With minimal validation

perl -lne '/^CC\s+/ && $previous && print "$previous $_"; $previous = $_' file1 > file2

With specific validation

perl -lne '/^CC\s+/ && $previous =~ /^ID\s+/ && print "$previous $_"; $previous = $_' file1 > file2

Whenever you need to solve some thing, try to design your approach first before writing code.

Pseudocode:

while read each line from file 
do
   if start with ID then
       save the line to a variable=var
   fi
   if start with CC then
       print the variable=var       
   fi
done 

And, if you prefer awk instead of perl , you could try:

awk '
$1 == "ID" { id = $0; next }
$1 == "CC" { print id, $0 }
' file1 > file2

If you want to try this on a Solaris/SunOS system, change awk to /usr/xpg4/bin/awk , /usr/xpg6/bin//awk , or nawk .

Hello Sammy777,

Following is an another approach with awk may help you too.
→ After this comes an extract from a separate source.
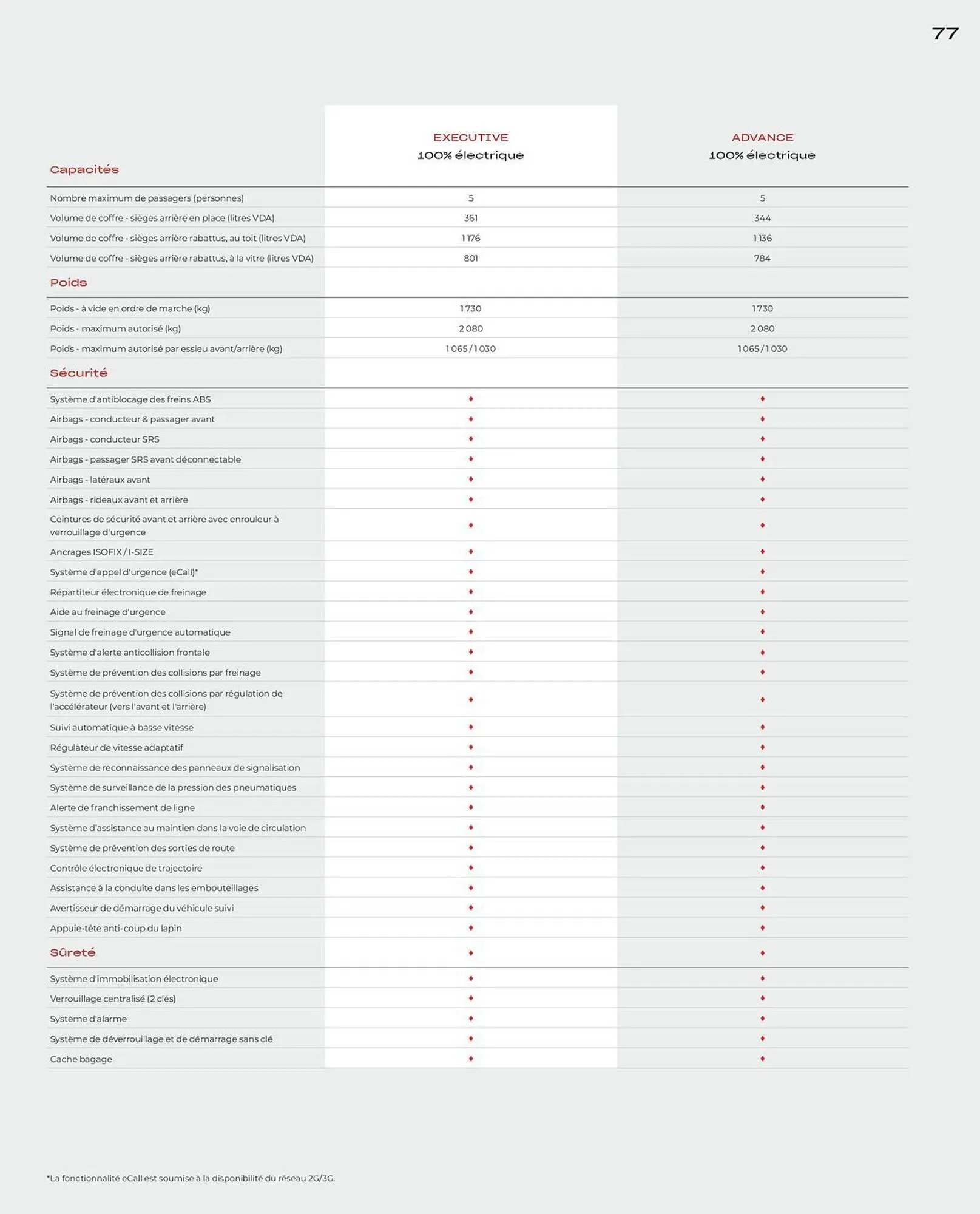 Catalogue Honda du 10 juin au 31 mars 2026 - Catalogue page 77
awk '($1 == "ID"){S=$0;++i;{if(i>1){i=1}}} ($1 == "CC"){if(i==1){print S OFS $0;S="";i=""}}'  Input_file > Output_file

Thanks,
R. Singh

If you're going to take this step to verify that you only print a "CC" line that appears after an "ID" line that hasn't already been printed, why use:

++i;{if(i>1){i=1}}

instead of the much simpler i=1 ? And, why use:

S="";i=""

instead of just i=0 ?

Or, simpler still:

awk '$1=="ID"{S=$0} $1=="CC" && S!=""{print S,$0;S=""}}' Input_file > Output_file
1 Like

Try

$ awk '$1=="CC" && p{print s OFS $0}p=$1=="ID"{s=$0}' infile

sed version:

sed -n '/^CC/{x;G;/^ID/s/\n/ /p;};h'  file